# [Material shown]
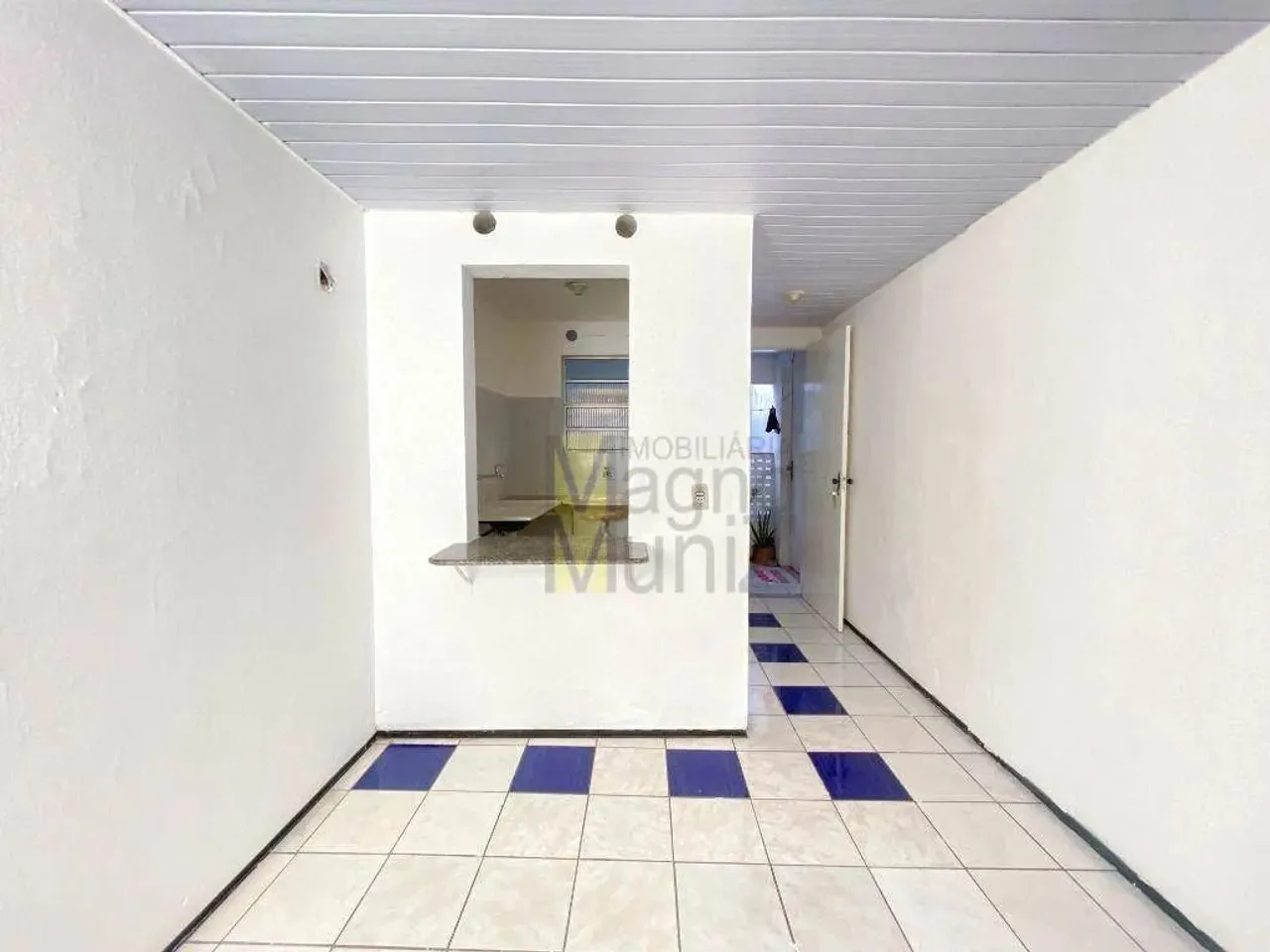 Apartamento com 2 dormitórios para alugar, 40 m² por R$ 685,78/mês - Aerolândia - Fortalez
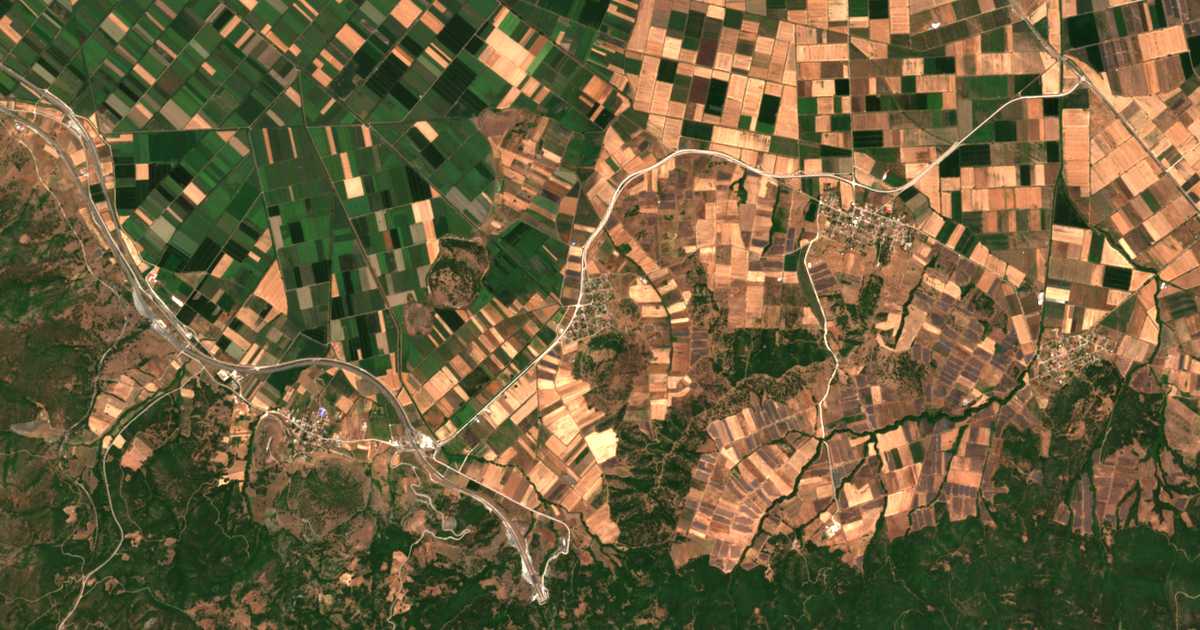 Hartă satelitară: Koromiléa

---

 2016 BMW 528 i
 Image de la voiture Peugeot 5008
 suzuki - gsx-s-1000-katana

# [Your goal]
Look above for the line holding "Image de la voiture Peugeot 5008" and the line holding "suzuki - gsx-s-1000-katana", then output exactly those two lines and every line between them, nothing more.

# [Your solution]
 Image de la voiture Peugeot 5008
 suzuki - gsx-s-1000-katana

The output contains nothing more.